Solution

Because this problem explicitly involves forces, conservation of energy alone can't be sufficient to solve this problem. But we've seen from the pendulum example above it is extremely powerful and so we'll use it in addition to Newton's laws.

So how about Newton's laws applied to the ball at the bottom? Well ${\bf F}_{net} ~=~ m{\bf a}$. What's the acceleration? It's not zero because the ball is traveling around in a circle. We know that it points up and has a magnitude of $v^2/R$. What's the net force? The tension points up, but the weight $mg$ goes down so we have

$$T_{bottom} -mg ~=~ mv_b^2/R$$ (1.21)

where $v_b$ is the speed at the bottom.

The tension at the top is similar but we have to realize though that the acceleration and the tension are now both pointing in the opposite directions what what they were on the bottom, so

$$-T_{top} -mg ~=~ -mv_t^2/R$$ (1.22)

where $v_t$ is the speed at the top.

We were asked for the difference between these tensions so adding these equations, we have

$$T_{bottom} - T_{top} -2mg ~=~ m(v_b^2-v_t^2)/R$$ (1.23)

So this is all we'll use of Newton's laws. Now we need to figure out $m(v_b^2-v_t^2)$, which looks awfully closely related to kinetic energy, so now we'll use conservation of energy to figure it out.

Let's define our coordinate system so that $y ~=~ 0$ at the bottom of the circle.
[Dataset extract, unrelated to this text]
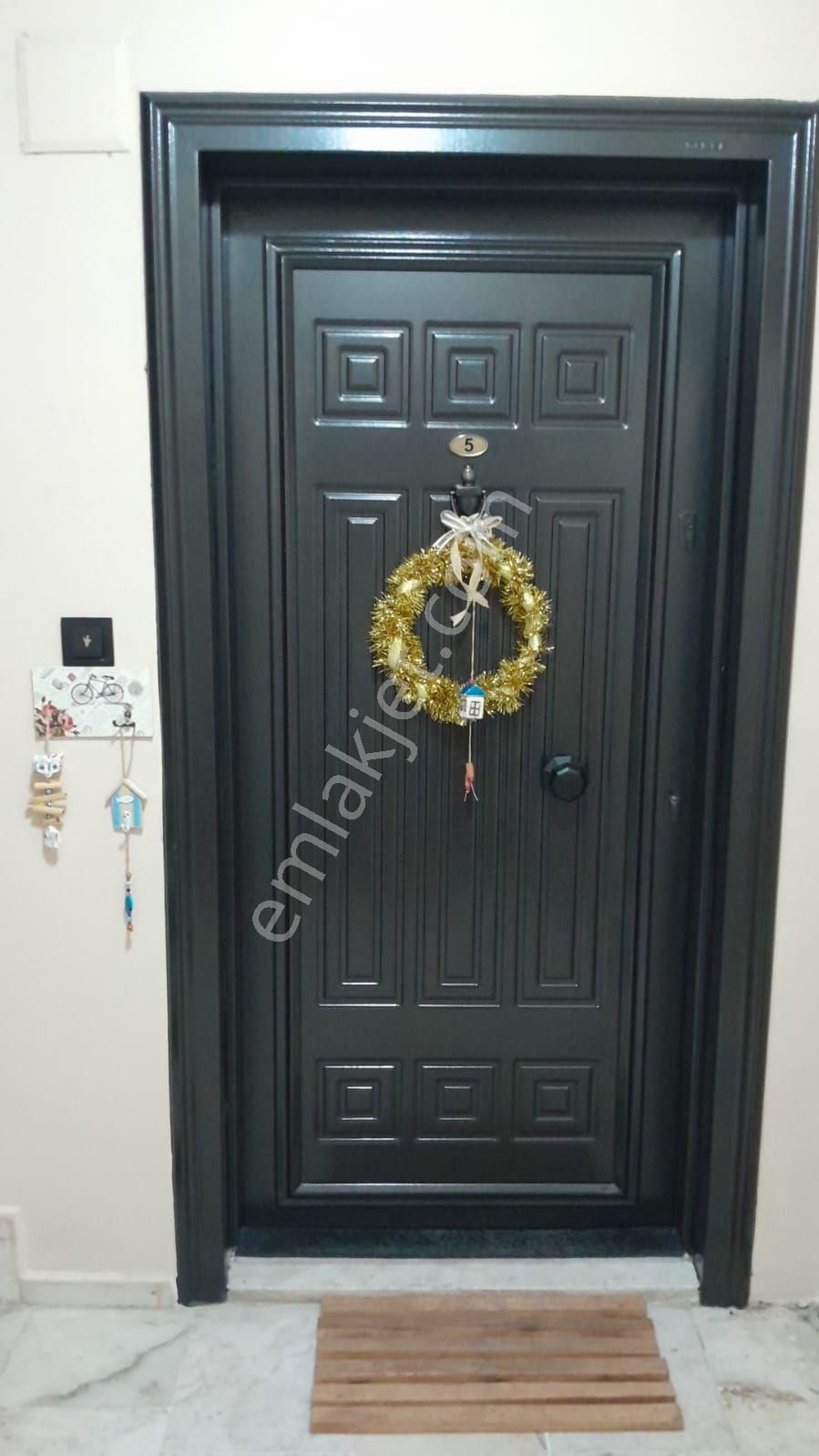 Selimpasa Güzelkent Sitesi Temiz Bakımlı Ferah 3+1 130 M2 Satılık Daire - Görsel 12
Then the energy at the bottom is $K+U ~=~ {1\over 2}mv_b^2$, and the energy at the top is $K+U ~=~ {1\over 2}mv_t^2 +mg2R$. Equating these two energies, we see that

$${1\over 2}m (v_b^2 -v_t^2) ~=~ 2mgR$$ (1.24)

Using this is eq. 1.23 we have

$$T_{bottom} - T_{top} ~=~ 2mg + 4mg ~=~ 6mg$$ (1.25)

which is what we wanted to show.

Again this problem would be possible, but very hard to solve using Newton's laws alone.